___ Extracted material ___

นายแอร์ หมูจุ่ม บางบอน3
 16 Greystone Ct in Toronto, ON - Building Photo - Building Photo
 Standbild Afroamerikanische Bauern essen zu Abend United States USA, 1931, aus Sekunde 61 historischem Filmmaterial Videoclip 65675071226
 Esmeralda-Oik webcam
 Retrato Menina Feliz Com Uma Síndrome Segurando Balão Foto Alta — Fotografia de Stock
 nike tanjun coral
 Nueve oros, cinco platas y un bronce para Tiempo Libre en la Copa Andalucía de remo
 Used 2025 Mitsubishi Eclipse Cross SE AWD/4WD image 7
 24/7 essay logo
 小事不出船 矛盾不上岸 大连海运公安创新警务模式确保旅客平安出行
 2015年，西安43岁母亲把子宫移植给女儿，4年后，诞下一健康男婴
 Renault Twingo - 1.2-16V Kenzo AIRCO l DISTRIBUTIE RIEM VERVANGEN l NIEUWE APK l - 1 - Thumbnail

___

Produce an exact repeat of the lines from the one containing "Standbild Afroamerikanische Bauern" through the last line of the data, and nothing more.

 Standbild Afroamerikanische Bauern essen zu Abend United States USA, 1931, aus Sekunde 61 historischem Filmmaterial Videoclip 65675071226
 Esmeralda-Oik webcam
 Retrato Menina Feliz Com Uma Síndrome Segurando Balão Foto Alta — Fotografia de Stock
 nike tanjun coral
 Nueve oros, cinco platas y un bronce para Tiempo Libre en la Copa Andalucía de remo
 Used 2025 Mitsubishi Eclipse Cross SE AWD/4WD image 7
 24/7 essay logo
 小事不出船 矛盾不上岸 大连海运公安创新警务模式确保旅客平安出行
 2015年，西安43岁母亲把子宫移植给女儿，4年后，诞下一健康男婴
 Renault Twingo - 1.2-16V Kenzo AIRCO l DISTRIBUTIE RIEM VERVANGEN l NIEUWE APK l - 1 - Thumbnail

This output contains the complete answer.